True that knowledge is endless but endless knowledge is not the end of all sufferings. Knowledge itself may not always enough for achieving anything for self or society, unless it is guided or implemented by a sound, logical and rational mind. Those, who know the reality and use their knowledge properly in a proper prospective are called wise men, philosophers or statesmen.

A wise king, a statesman or a leader has the sufficient scope and liberty to use his knowledge abundantly to achieve the real object for the benefit of the society at large. They have excuses for risk. It is also their primary duty to promote new ideas for the welfare of the society. But it is always difficult for a common man tied by a system to implement his ideas. Most of our critics are also hypocrites. They are making more confusion and chaos even without venturing into the preface of the issue. We should realize the situation and to adopt the best. We should not have any propaganda rather a mindset of acceptance.

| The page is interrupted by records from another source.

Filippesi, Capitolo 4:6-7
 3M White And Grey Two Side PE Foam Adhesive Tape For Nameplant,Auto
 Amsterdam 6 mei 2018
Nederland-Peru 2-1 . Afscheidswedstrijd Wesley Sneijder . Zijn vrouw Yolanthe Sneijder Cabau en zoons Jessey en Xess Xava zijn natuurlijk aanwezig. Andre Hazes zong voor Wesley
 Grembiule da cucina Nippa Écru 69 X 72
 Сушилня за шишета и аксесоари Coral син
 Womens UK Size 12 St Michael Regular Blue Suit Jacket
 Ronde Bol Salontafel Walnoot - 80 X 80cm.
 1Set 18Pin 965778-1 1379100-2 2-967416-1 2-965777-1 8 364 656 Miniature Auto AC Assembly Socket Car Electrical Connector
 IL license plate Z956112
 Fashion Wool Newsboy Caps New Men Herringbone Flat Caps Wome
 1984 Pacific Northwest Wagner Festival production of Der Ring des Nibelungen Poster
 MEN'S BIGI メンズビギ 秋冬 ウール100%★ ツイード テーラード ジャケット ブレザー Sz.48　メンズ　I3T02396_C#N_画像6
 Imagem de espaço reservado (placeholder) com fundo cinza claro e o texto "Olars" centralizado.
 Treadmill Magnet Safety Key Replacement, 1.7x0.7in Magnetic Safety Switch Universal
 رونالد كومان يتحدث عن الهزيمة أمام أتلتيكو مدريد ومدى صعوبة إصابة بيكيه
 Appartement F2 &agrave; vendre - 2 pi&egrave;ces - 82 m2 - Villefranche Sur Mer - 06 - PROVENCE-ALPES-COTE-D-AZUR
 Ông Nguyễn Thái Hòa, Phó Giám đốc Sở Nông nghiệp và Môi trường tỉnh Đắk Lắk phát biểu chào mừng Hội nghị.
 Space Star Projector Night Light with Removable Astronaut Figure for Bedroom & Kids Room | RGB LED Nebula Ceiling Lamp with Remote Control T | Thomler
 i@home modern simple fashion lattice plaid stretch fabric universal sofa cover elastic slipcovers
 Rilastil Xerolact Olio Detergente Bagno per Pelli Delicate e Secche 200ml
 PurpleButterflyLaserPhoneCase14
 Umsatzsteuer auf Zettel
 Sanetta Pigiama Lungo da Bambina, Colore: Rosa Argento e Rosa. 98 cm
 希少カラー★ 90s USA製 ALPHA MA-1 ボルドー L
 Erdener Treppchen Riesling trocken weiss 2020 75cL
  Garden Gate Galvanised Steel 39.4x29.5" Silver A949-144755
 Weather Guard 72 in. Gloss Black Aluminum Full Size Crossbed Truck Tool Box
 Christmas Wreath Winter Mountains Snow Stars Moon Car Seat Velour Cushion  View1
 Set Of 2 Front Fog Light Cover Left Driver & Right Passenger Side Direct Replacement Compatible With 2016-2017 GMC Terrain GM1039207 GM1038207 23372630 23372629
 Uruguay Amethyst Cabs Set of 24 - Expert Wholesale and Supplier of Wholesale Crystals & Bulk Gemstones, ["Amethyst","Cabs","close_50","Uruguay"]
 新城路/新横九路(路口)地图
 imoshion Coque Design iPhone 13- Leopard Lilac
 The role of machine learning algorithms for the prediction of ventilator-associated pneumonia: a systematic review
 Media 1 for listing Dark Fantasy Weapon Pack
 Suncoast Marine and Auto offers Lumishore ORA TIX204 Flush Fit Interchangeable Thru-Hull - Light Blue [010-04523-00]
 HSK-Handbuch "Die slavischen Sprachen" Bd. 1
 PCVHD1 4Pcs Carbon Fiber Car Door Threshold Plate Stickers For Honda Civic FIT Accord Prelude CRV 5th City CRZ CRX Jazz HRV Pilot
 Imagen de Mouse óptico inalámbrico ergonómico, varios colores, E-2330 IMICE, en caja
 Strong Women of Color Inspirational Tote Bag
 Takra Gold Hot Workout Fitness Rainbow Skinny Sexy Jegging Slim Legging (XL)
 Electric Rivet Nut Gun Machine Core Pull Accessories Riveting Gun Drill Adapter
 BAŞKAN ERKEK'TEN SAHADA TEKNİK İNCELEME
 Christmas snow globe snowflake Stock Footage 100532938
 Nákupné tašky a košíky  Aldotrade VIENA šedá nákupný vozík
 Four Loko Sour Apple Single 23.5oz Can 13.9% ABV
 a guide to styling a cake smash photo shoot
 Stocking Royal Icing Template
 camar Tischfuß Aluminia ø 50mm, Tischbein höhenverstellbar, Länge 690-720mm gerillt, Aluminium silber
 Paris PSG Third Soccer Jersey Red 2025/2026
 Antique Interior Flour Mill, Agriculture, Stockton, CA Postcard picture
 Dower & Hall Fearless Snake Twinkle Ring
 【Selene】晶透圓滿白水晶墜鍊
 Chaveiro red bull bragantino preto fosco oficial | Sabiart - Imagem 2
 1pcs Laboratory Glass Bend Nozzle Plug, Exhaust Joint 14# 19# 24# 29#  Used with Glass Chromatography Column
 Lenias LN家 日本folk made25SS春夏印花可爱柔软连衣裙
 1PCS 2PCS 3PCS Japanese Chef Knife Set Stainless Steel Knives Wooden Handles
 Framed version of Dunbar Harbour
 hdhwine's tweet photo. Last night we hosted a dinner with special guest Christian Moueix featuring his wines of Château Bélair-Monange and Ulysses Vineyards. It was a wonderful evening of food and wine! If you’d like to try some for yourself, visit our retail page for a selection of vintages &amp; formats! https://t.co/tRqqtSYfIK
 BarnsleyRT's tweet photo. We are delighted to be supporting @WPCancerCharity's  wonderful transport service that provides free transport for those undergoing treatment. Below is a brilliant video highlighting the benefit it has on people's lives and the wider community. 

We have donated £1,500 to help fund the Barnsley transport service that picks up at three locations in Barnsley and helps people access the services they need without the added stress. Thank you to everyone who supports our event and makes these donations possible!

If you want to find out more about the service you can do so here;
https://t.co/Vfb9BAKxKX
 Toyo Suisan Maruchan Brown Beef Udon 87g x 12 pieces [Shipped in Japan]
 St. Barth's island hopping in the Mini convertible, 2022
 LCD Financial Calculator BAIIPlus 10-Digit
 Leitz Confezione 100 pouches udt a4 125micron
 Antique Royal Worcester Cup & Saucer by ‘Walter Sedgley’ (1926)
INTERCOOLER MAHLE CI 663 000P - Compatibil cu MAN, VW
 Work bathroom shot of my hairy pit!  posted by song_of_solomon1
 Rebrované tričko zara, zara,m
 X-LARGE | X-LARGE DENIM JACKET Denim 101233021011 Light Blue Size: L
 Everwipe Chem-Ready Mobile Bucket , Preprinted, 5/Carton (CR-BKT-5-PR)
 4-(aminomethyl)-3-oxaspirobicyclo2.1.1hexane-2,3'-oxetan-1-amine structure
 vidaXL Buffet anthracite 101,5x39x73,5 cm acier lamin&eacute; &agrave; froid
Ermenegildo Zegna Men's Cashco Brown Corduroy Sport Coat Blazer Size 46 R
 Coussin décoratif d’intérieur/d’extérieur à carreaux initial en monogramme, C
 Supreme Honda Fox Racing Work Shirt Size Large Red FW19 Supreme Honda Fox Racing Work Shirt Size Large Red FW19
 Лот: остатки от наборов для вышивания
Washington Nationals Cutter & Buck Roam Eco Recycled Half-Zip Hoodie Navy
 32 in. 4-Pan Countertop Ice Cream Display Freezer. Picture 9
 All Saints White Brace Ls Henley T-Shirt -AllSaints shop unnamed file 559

I intend to say that knowledge and ideas may be the paramount considerations in each and every case but if those find pragmatic support from the system, they can do a miracle to a large number of people integrated and involved with the same.2 I have spent twenty years in judiciary. We have brilliant officers serving around the state. They are full of knowledge and hard working. They are doing their best to meet the needs and expectations of the litigants and sufferers of the society. But Indian judiciary is always blamed for its snail pace.

It has been proved since independence that the courts are not able to dispose of cases in time and almost all courts are sitting over the hills of cases finding them completely helpless. Gradually a large number of people are reluctant to approach the court and searching for unethical alternatives. This is certainly not a good sign for the society. The cause is that there are various obstacles not yet been overtaken, making the justice delivery system handicapped.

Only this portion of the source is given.